This experience mirrors wider research suggesting that comparative judgement can offer greater reliability and validity than traditional marking for complex outcomes such as writing (Bramley, 2015; Christodoulou, 2016). Work by the Bell Foundation has further shown how CJ can support more accurate scaling of language proficiency for EAL learners, precisely because it captures developmental progression more reliably than atomised criteria (Bell Foundation, 2017).

Over time, the cumulative effect of this more responsive approach became evident. Internally, we saw clearer progression in students’ work and a narrowing of gaps between EAL and non-EAL learners. More importantly, students’ writing improved in the ways that mattered most: clarity of argument, relevance of evidence, and coherence of explanation. At GCSE level, while CJ itself is not used in public examinations, the improved alignment between teaching, assessment and understanding translated into stronger and more consistent outcomes.

Comparative judgement is not a silver bullet. It does not replace strong subject knowledge, a coherent curriculum, or explicit teaching of academic language. Nor does it remove the need for professional dialogue about standards. What it does offer is a way of seeing student work more clearly and acting on that insight more quickly.

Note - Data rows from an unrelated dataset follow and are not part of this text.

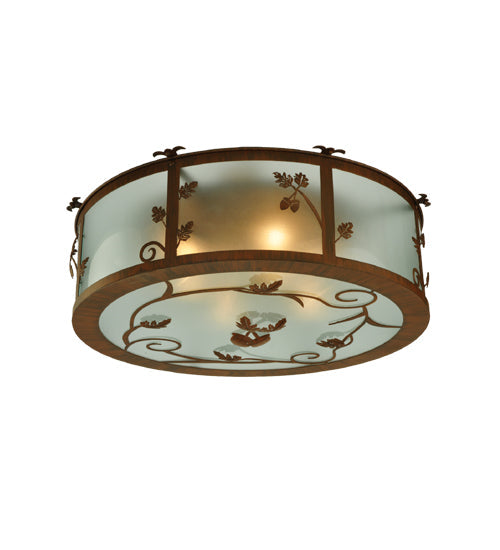 Meyda Lighting Oak Leaf & Acorn 30" 4-Light Rust Flush Mount Light With Frosted Seeded Shade Glass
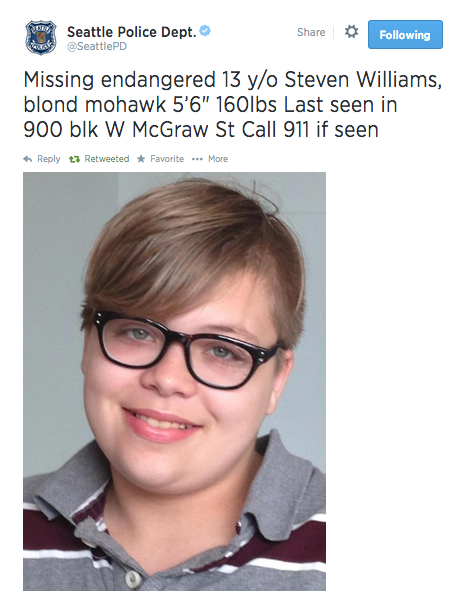 SPD Missing 13 year old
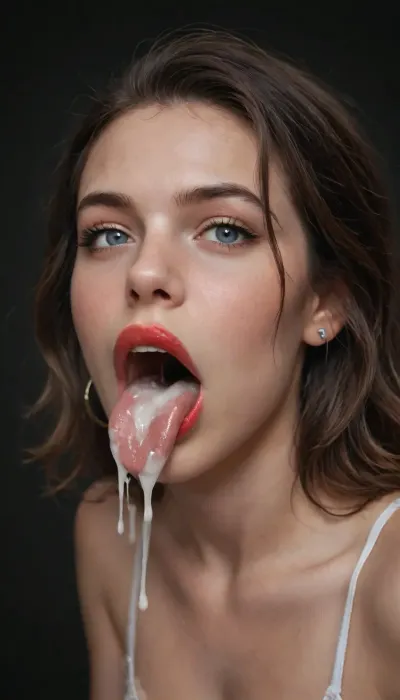 extreme close-up of an open mouth with red lipstick, huge black 20 inch black BBC dick resting on tongue, cum bursting out of dick, tongue sticking out, oral cumshot, projectile cum, cum on tongue, black background, halsman, <lora:Philippe_Halsman_-_Black_and_white_portrait_photography_SDXL-000009:.5>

For me, CJ has been less about revolutionising marking and more about strengthening teaching. By freeing assessment from the false precision of marks and levels, it has allowed professional judgement, responsiveness and equity to come back to the fore. In linguistically diverse classrooms, that clarity matters, not just for fairness, but for learning itself.


References

Bell Foundation (2017) The EAL assessment framework: Research and development. London: The Bell Foundation.
Black, P. and Wiliam, D. (1998) Inside the black box: Raising standards through classroom assessment. Phi Delta Kappan, 80(2), pp. 139–148.
Bramley, T. (2015) Investigating the reliability of marking of GCSE English writing using comparative judgement. Cambridge: Cambridge Assessment.
Christodoulou, D. (2015) Comparative judgement: 21st century assessment. Daisy Christodoulou blog.
Christodoulou, D. (2016) Comparative judgement: practical tips for in-school use. Daisy Christodoulou blog.
Christodoulou, D. (2016) Making good progress? The future of assessment for learning. Oxford: Oxford University Press.
Christodoulou, D. (2025) What is comparative judgement and why does it work? No More Marking Substack.
Christodoulou, D. and Breen, J. (2023) Comparative judgement compared with traditional writing assessments. No More Marking Substack.
Pollitt, A. (2012) The method of adaptive comparative judgement. Assessment in Education: Principles, Policy & Practice, 19(3), pp. 281–300.